The 1 Point Slam
How to turn sport into content — without selling your soul
Tennis does not always help itself. It has an archaic, non-linear scoring system (15-love, 30-love, 40-love, deuce), obscure tournament hierarchies (Grand Slams, Masters, Challengers) and a highly cultivated reputation for stuffiness in certain parts of the world. Throw in the fact that matches can last up to six hours and little wonder the sport is struggling to attract younger viewers.
Given this, the gravitational pull of gimmicks can be irresistible. See the endless slop of exhibitions, ‘Battle of the Sexes’ re-matches and the proliferation of on-court microphones. The problem is many attempts at diversification clash with what actually makes tennis appealing, by diluting the stakes and sacrificing tension for speed. Instead of acting as a gateway drug, they serve only to further alienate potential fans.

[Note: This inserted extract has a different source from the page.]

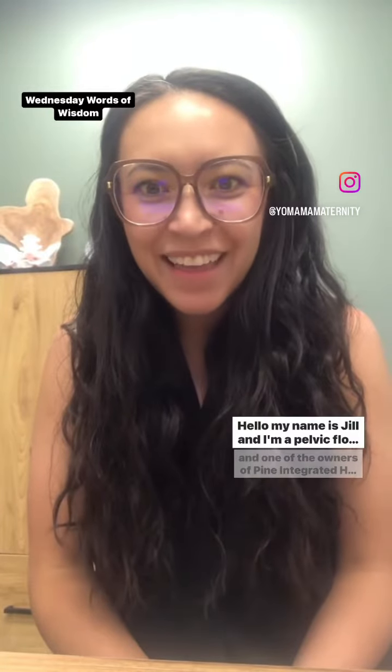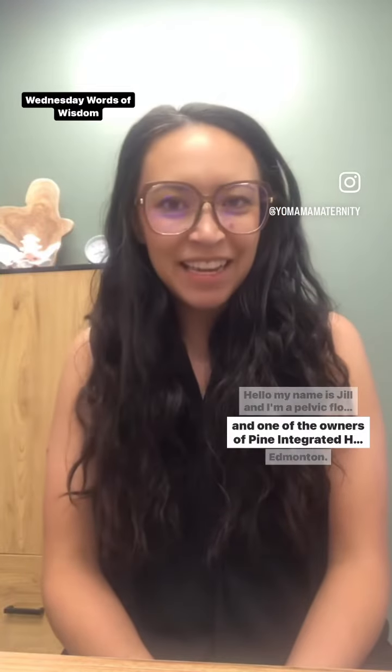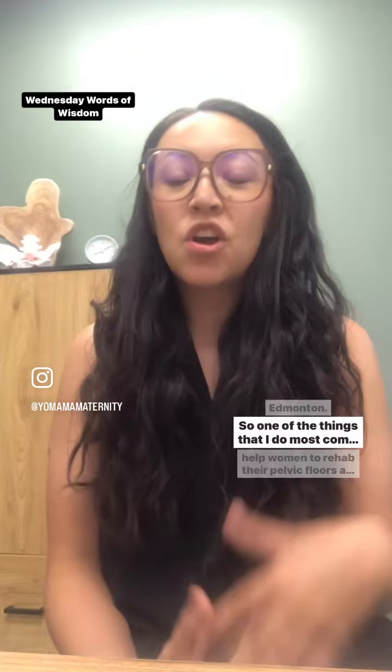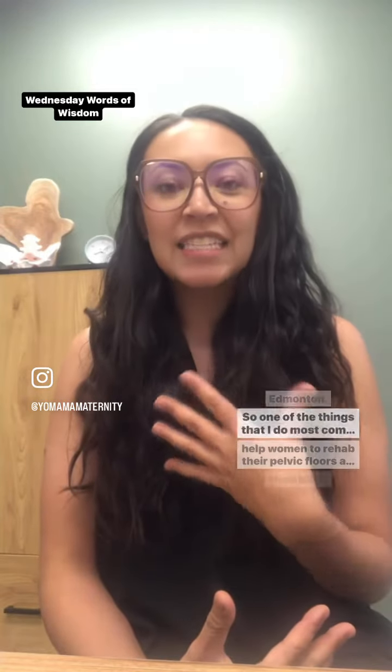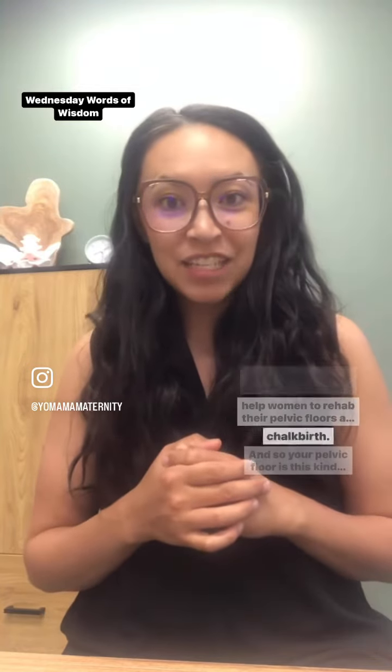Hello, my name is Jill and I'm a pelvic floor physiotherapist and one of the owners of Pine Integrated Health Center in Edmonton. One of the things I do most commonly in my week is I help women to rehab their pelvic floors after pregnancy and childbirth.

So credit where credit is due: the Australian Open has created something good. The tournament officially commences on Sunday, but during qualifying week, it launched what it calls the 1 Point Slam1. This is exactly as it sounds — a one-point, winner-takes-all format on the main Rod Laver Arena that gives professionals, amateurs and wildcards the chance to compete for $1 million (around £500,000).

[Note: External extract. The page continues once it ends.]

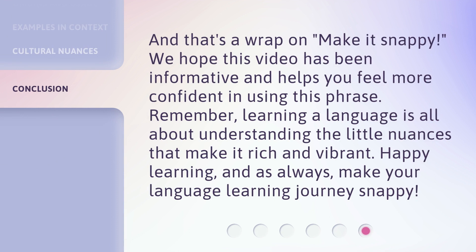And that's a wrap on 'make it snappy.' We hope this video has been informative and helps you feel more confident in using this phrase. Remember, learning a language is all about understanding the little nuances that make it rich and vibrant. Happy learning, and as always, make your language learning journey snappy.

I think it worked for a few reasons. First, the premise is instantly understandable. One point: winners advance, losers go home. Second, instead of trying to simulate ‘real’ tennis badly, it does the opposite. The 1 Point Slam openly acknowledges: this is chaos. Third, it maximises tension without pretending to measure greatness.

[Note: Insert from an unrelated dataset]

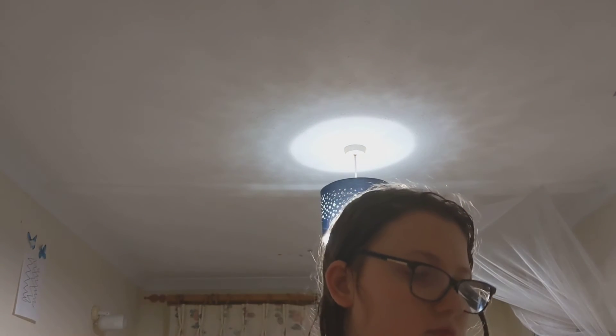I wonder what it smells like. Sorry about the camera. I'm trying to do this all with one hand. It's really difficult. Eilish, where's the box? This is hard. Got it.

This was achieved not only through the genuinely impressive prize money, but the format. Top players, including Carlos Alcaraz, Iga Swiatek, Jannik Sinner and Coco Gauff ran the very real risk of looking stupid. Men could lose to women, professionals to amateurs, Gen Z to Boomers.
The players certainly felt it. Sinner and Gauff both double faulted to crash out of the event (professionals were only allowed one serve). World number nine Taylor Fritz posted on social media: “Now that I’m actually watching it on TV, massive L from me to not be playing the one point slam, this looks like so much fun.”